OPEN MEETINGS -- Richard McKee, President Emeritus of Calfornians Aware, today sent trustees of the Los Angeles Community College District a demand that it declare a long-running employee health benefits committee subject to the Brown Act and see to it that the committee opens its meetings to the public accordingly.

McKee's demand letter, sent on his own behalf as well as that of CalAware, was prompted by the Attorney General's recent issuance of an opinion concluding that the district's
Joint Labor/Management
Benefits Committee (JLMBC) is not subject to the Brown Act because it was created not by the board directly but pursuant to an obligation undertaken in the district's "master agreement" with its labor unions, approved in 2002.

McKee and CalAware believe that that distinction makes no difference, and that the board's nine-year-old approval of the master agreement was sufficient "formal action" to be deemed a creation of the committee, and thus to trigger application of the Brown Act.

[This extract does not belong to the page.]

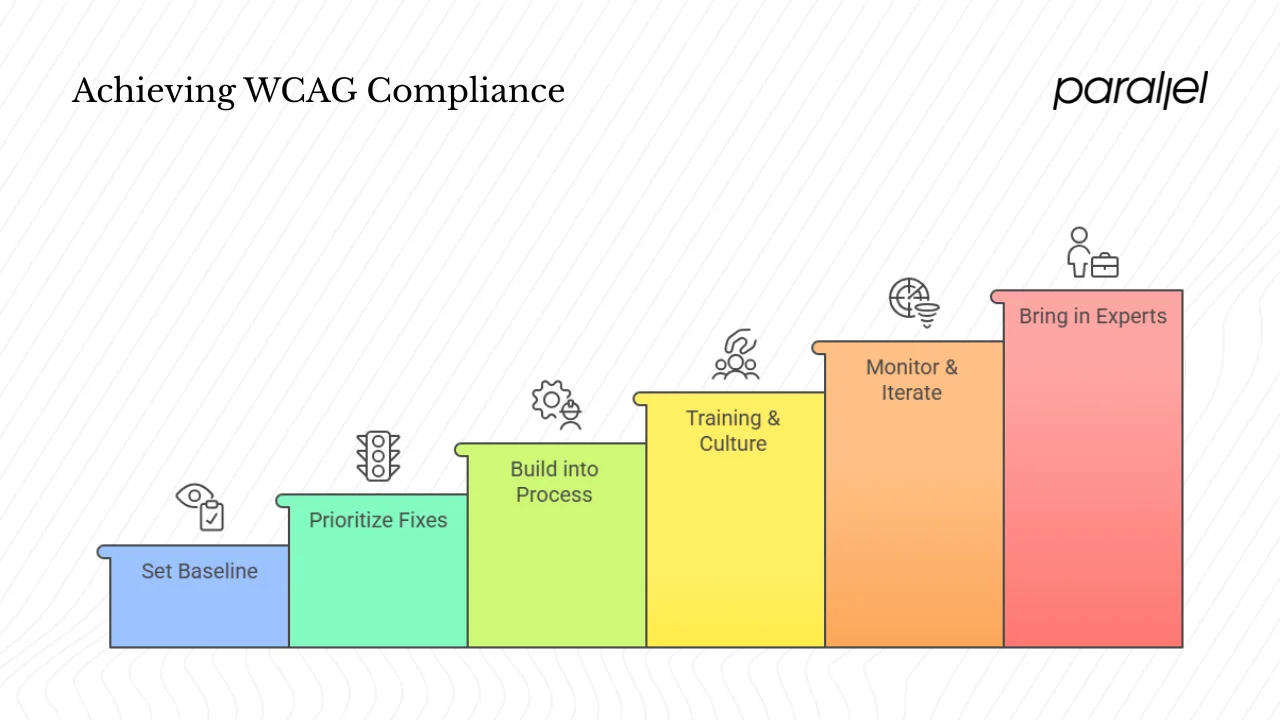 Startup‑friendly roadmap to WCAG compliance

The committee comprises representatives of the district and of its seven employee bargaining units. Its purpose is to maintain the quality and cost-effectiveness of the district's health benefits plan. Its authority, set forth in the master agreement, includes the following:

1. review the District's Health Benefits Program and effect any changes to the program it deems necessary to contain costs while maintaining the quality of the benefits available to employees (this includes, but is not limited to, the authority to substitute other plans for the District's existing health benefits plans);

2. recommend the selection, replacement, and evaluation of benefits consultants;

3. recommend the selection, replacement, and evaluation of benefit plan providers;

4. review and make recommendations regarding communications to faculty and staff regarding the health benefits program and their use of health care services under it;

5. review and make recommendations regarding benefit booklets, descriptive literature, and enrollment forms;

6. study recurring enrollee concerns and complaints and make recommendations for their resolution;

7. participate in an annual review of the District's administration of the Health Benefits Program;

8. review and make recommendations about the District’s health benefits budget; and

9. if health care legislation that necessitates modification of the District’s Health Benefits Program is enacted before the termination of this agreement, assess the effects of such legislation and make recommendations to the District and the Exclusive Representatives about appropriate action to take.

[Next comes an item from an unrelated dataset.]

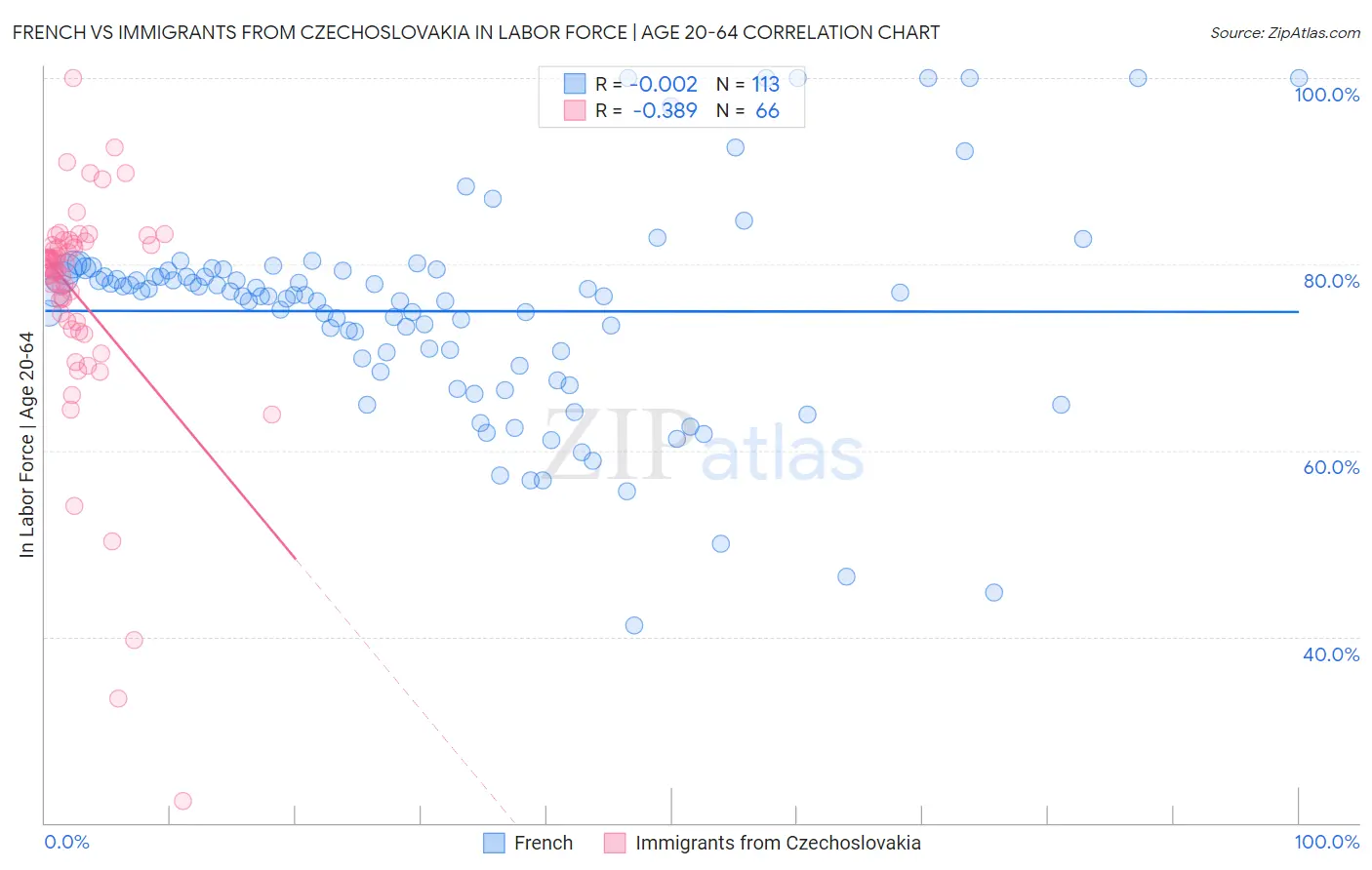 French vs Immigrants from Czechoslovakia In Labor Force | Age 20-64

McKee, a chemistry professor at Pasadena Community College, made the same access argument against the same rationale as embodied in the Attorney General's opinion, and did so successfully, in a Brown Act lawsuit he brought against his own employer more than 11 years ago.  In a recent message to Jack Scott, Chancellor of the California Community Colleges and the official whose office requested the opinion, McKee recalled that

In his Minute Order, issued 12/17/98, Judge Thomas Stoever concluded: the Board took formal action to approve a collective bargaining agreement; that agreement included the establishment of the Sabbatical Leave Advisory Committee (identifying its membership); therefore the Committee was created by the formal action of the Board to approve the agreement, and the Committee is a Legislative Body under Gov't Code section 54952(b).

That section states that the term "legislative body" as used in the Brown Act to designate the type of government body that it applies to, includes "a commission, committee, board, or other body of a local agency, whether permanent or temporary, decisionmaking or advisory, created by charter, ordinance, resolution, or formal action of a legislative body . . ." (emphasis added).